Ils ont les meme symptomes sur leur pc.

 

Pour le P2P, mon frere et moi l'utilisont tres peu,et ma mere jamais.

 

Je pense donc que c'est au niveau du FAI,je comptais de toutes façon les apeller.

 

Sinon j'ai vu que mon firewall m'afficher une fenetre pour SSM pour le fichier psapi.dll

 

Je supose une MAJ.Le truc c'est que ces problèmes de connection ne touche pas que le surf.

Sa touche toutes la connection,donc meme les MAJ diverse doivent etre faite manuelement,sinon elle ne se font pas.

 

Donc est ce possible de mettre a jour manuelement SSM (je vais allé voir ça juste apres).

 

Merci gof pour ton aide,si tu as d'autre suggestion je veut bien.

 

@+++

 

PS: ha pardon j'oubliais le principal,les problemes de connection sont toujours là (sur les 3 pc).J'arrive toujours sur la page "Server introuvable".

Et je doit recharger la page plusieurs fois,meme pour envoyer mon post.

 

En fait tout ce qui touche la connection est ralenti voir bloqué.

Modifié le 11 novembre 2007 par TA-K-2-PT

[TA-K-2-PT]

(Je cré un autre post pour faire un pavé)

 

Je vient de faire une recherche sur le fichier psapi.dll,il ne semble pas lié a SSM.

 

Pourtant mon firewall m'indiquer qu'il venait de cette aplication.J'ai refusé (pas de maniere definitve).

 

Au autre démarrage mon firewall ne me demande plus pour ce fichier.

 

En plus SSM n'as pas de MAJ disponible comme le montre ce screen :

 

http://pix.nofrag.com/b/0/6/6e0e3523138200...841758568e.html

 

Ensuite quand je me déconnecte du wi-fi puis me reconnecte,j'ai ce petit icone :

 

http://pix.nofrag.com/a/1/1/86144645820d12...fe9ded3e65.html

 

Je doit rebooter,pour que la connection redevienne normal.

 

Là honnetement je suis perdu.

 

@++++

 

Complement :

 

Le fichier psapi.dll est present dans system 32

 

et quand j'essaye de le scanner sur virustotal, voila ce que j'ai comme reaction :

 

http://pix.nofrag.com/2/0/d/0fd02b9c618ff1...6dcea0b2c5.html

 

Sa bloque....

 

PS: pour up un screen ,pour envoyer mon post ,pour faire mes MAj ect ect,il me faut au minimum faire plus 7 tentative...

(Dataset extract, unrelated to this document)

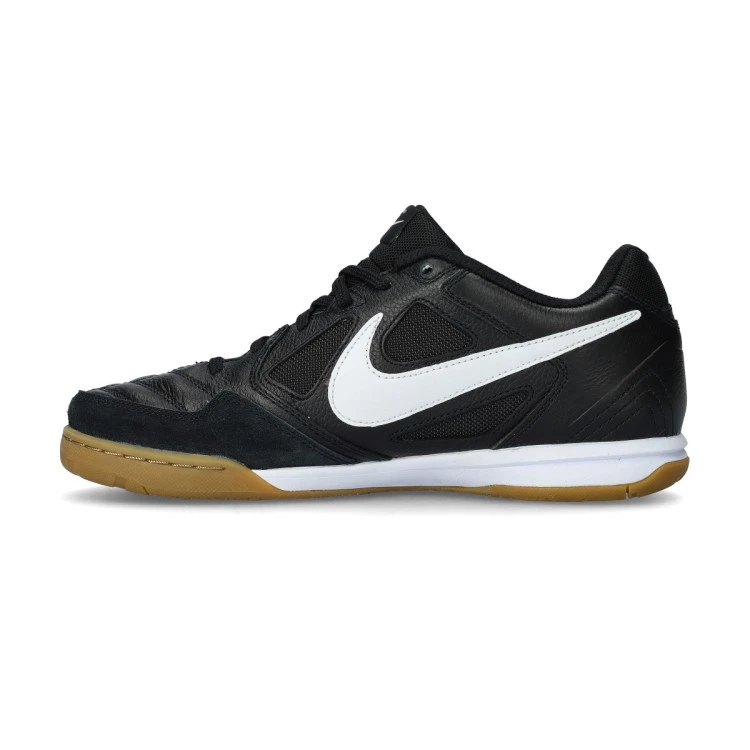 zapatilla-nike-gato-negro-2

Modifié le 11 novembre 2007 par TA-K-2-PT

[Gof]

As-tu fait des essais en désactivant complétement SSM ?

[TA-K-2-PT]

Je vient de faire 3 test,2 avec SSM et 1 sans.

Le tout avec TCPview pour voir.

 

Les 2 1er fois la connection passe sans arret du vert au rouge (elle s'etablit,puis coupe,puis s'etablit,puis coupe).

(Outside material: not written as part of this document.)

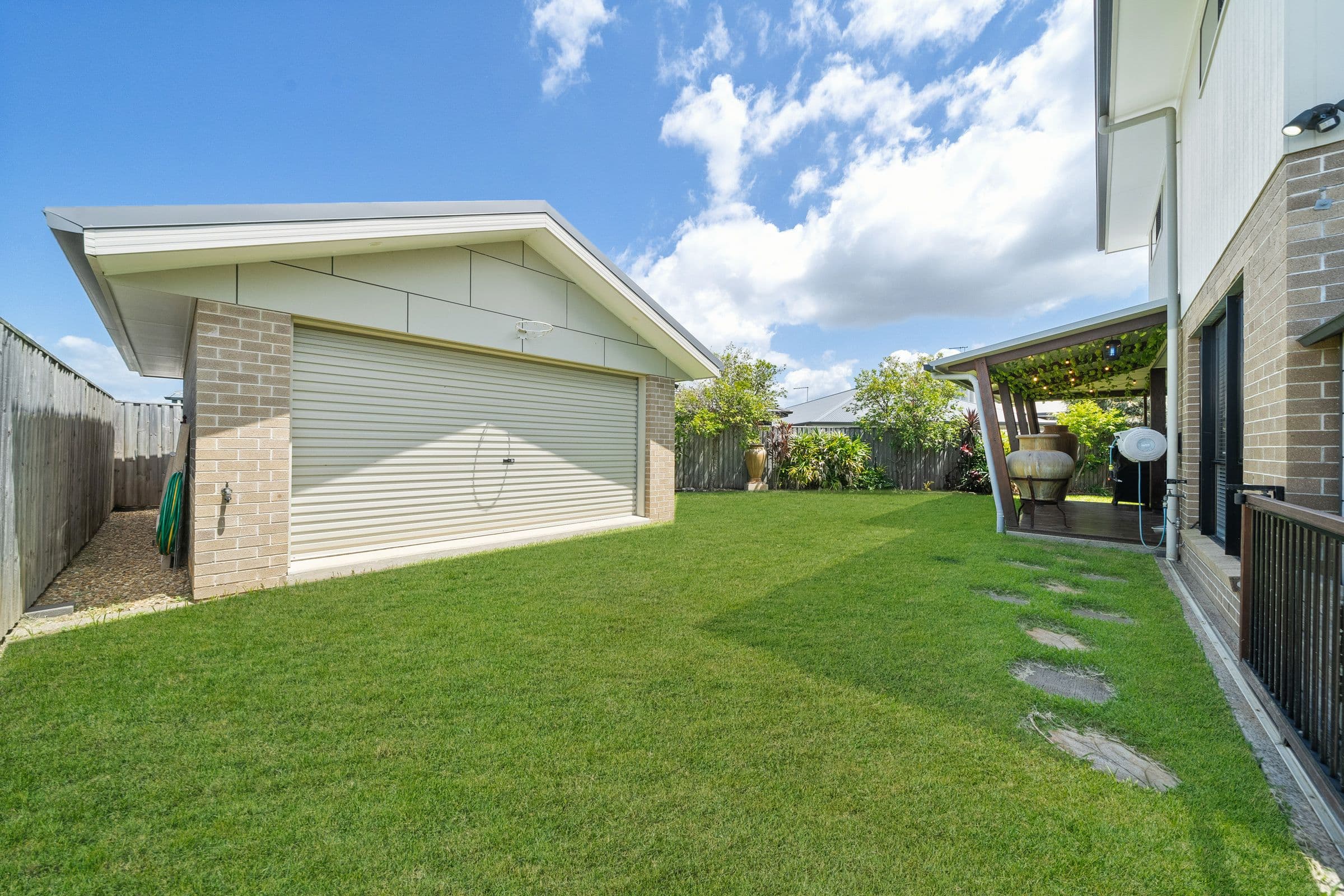 24 Jamie Street, Mango Hill QLD 4509, Mango Hill - Thumbnail 3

Jusqu'au moment ou la connection se perd,avant la fin de l'analyse.

 

Sans SSM la connection est perdu dès le depart.

 

Ce problème est un veritable danger pour la securité,vu que toutes MAj,notament programme de secu et windows update.

Se font tres difficilement voir pas du tous.

 

PS:juste pour préciser dans TCPview la connection a virustotal est sou le nom de : viruskill2.hispasec

Je sait pas si sa peut t'aider mais bon.

Modifié le 11 novembre 2007 par TA-K-2-PT

[Gof]

Re

 

PS:juste pour préciser dans TCPview la connection a virustotal est sou le nom de : viruskill2.hispasec

Je sait pas si sa peut t'aider mais bon.

Pas de soucis avec ça, c'est normal.

 

Sans SSM la connection est perdu dès le depart.

Refais plusieurs essais, mais si cela son confirme il y a peut-être un souci alors avec SSM. En ce cas, je te suggérerais de tenter une déinstallation complète et d'aviser voir si le souci persiste.